The company said it is focused on creating sustained profitability in overseas business through improvements in aluminum and steel sectors, expected to materialize in the next 12-18 months. Looking ahead to Q4 and FY25, the company expects moderate growth in both domestic and export markets but aims to outperform the market due to its diversified business mix.
Overseas Business
The company said its North American CV business remained marginally positive, with steady Class 8 build rates, inventory levels, and sales. European CV performance was subdued due to a patchy economic recovery. Despite a decline in European markets, US CV revenues increased in the quarter. The PV business achieved a robust 34% YoY growth in 9MFY24, focusing on tapping new customers and enhancing engagement in various geographies.

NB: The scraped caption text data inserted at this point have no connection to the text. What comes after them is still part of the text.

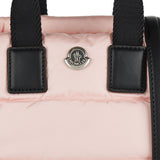 Caradoc micro tote bag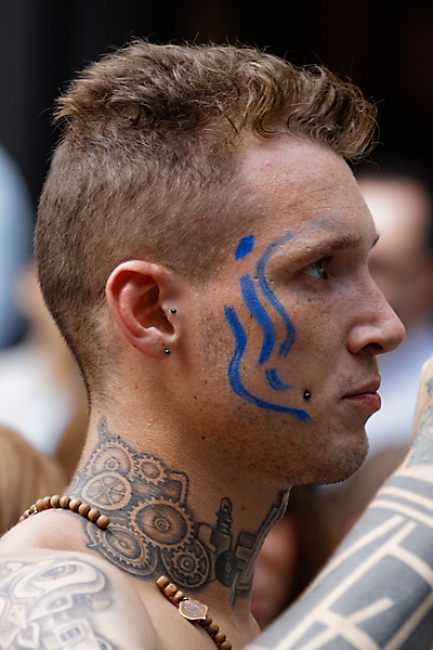 Gay pride Paris JUN13-085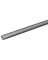THREADED ROD 3/8"-16X120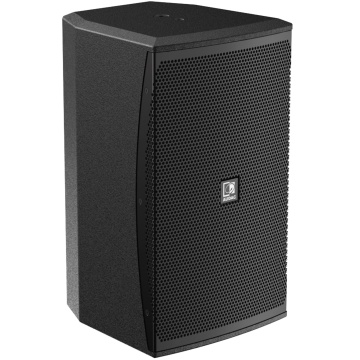 Audac VEXO108/B - Boxa pasiva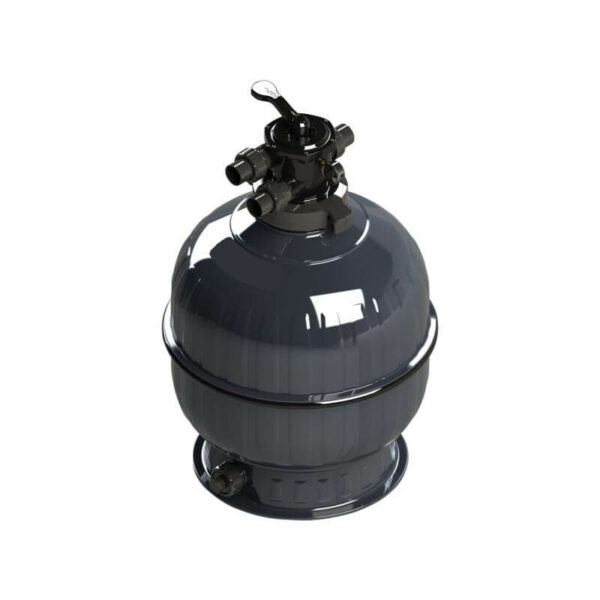 Astral CA 280 Media Filter - Image 2
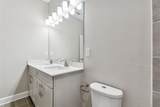 620 Nasturtium Court - Photo 15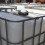 IBC Lid Cover with DN150 Filter for Water Tanks 5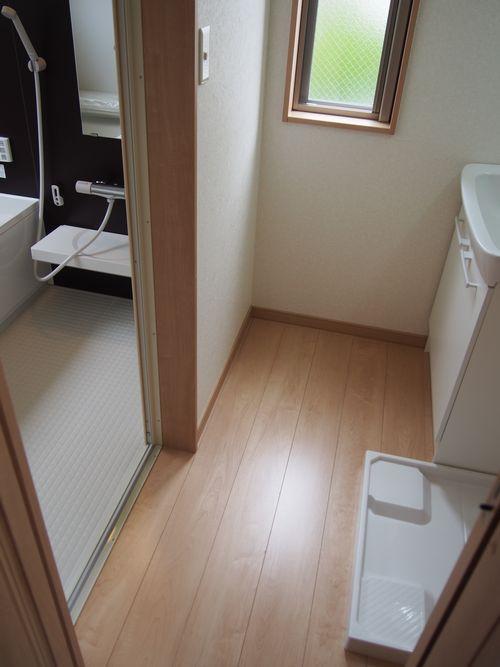 Wash basin, toilet. Indoor (10 May 2013) Shooting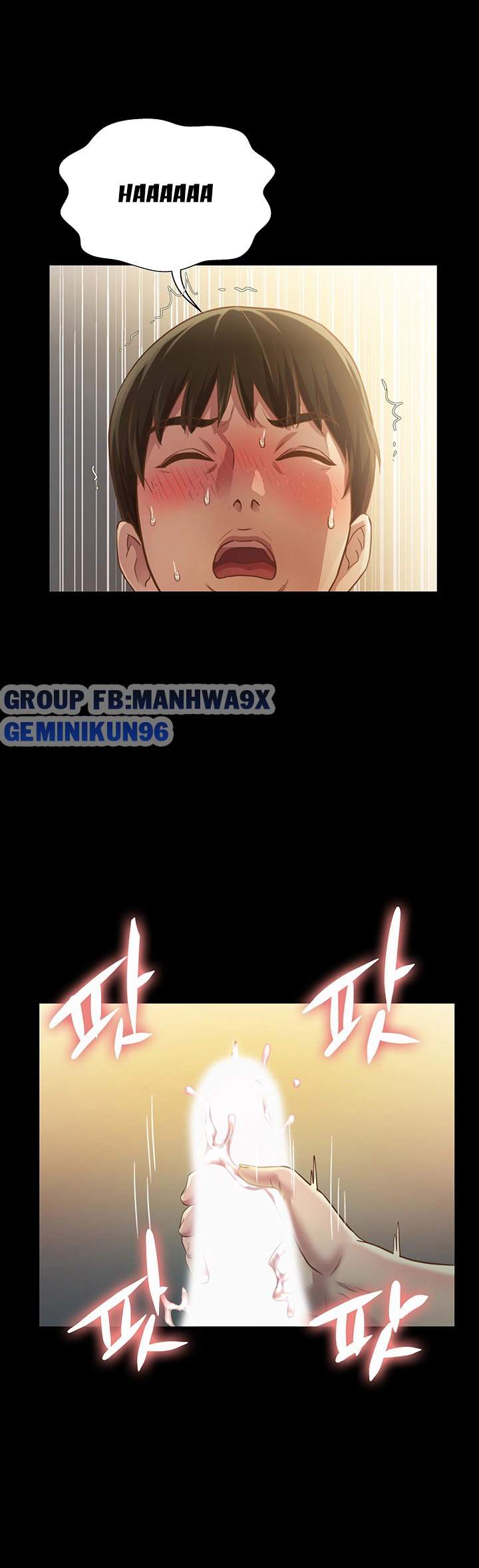 bạn gái của bạn tôi chapter 83 55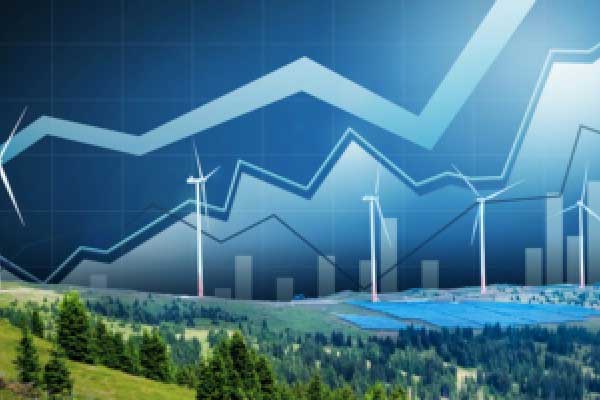 阿里巴巴地图应用高德地图进军本地商家排名 争夺大众点评市场份额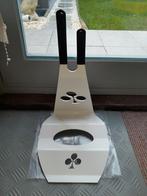 Colnago bike standard, Enlèvement ou Envoi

The Industrial business thrived, growing 35% YoY for 9MFY24, driven by new products and increased engagements with existing clients, particularly in Mining & Construction and Aerospace. These promising new verticals inspire ongoing efforts to explore new markets and customers, with a focus on building relationships in Construction & Mining, Railways, Agri equipment, Aerospace, and more, it added.
Domestic business
The India CV business achieved a 9% YoY growth in 9MFY24, aligning with overall market growth. The sector’s long-term trajectory is supported by government capex and infrastructure development. In the India PV business, growth is anticipated through premiumization and the shift towards Utility Vehicles, driven by the expanding middle class and higher disposable income. The Industrial segment performed positively, with stellar YoY results attributed to component supply to KSSL. Infrastructure spend and rising private capex are expected to sustain demand. However, this quarter saw a decline in sales to the Agri sector and the Construction & Mining space, it added.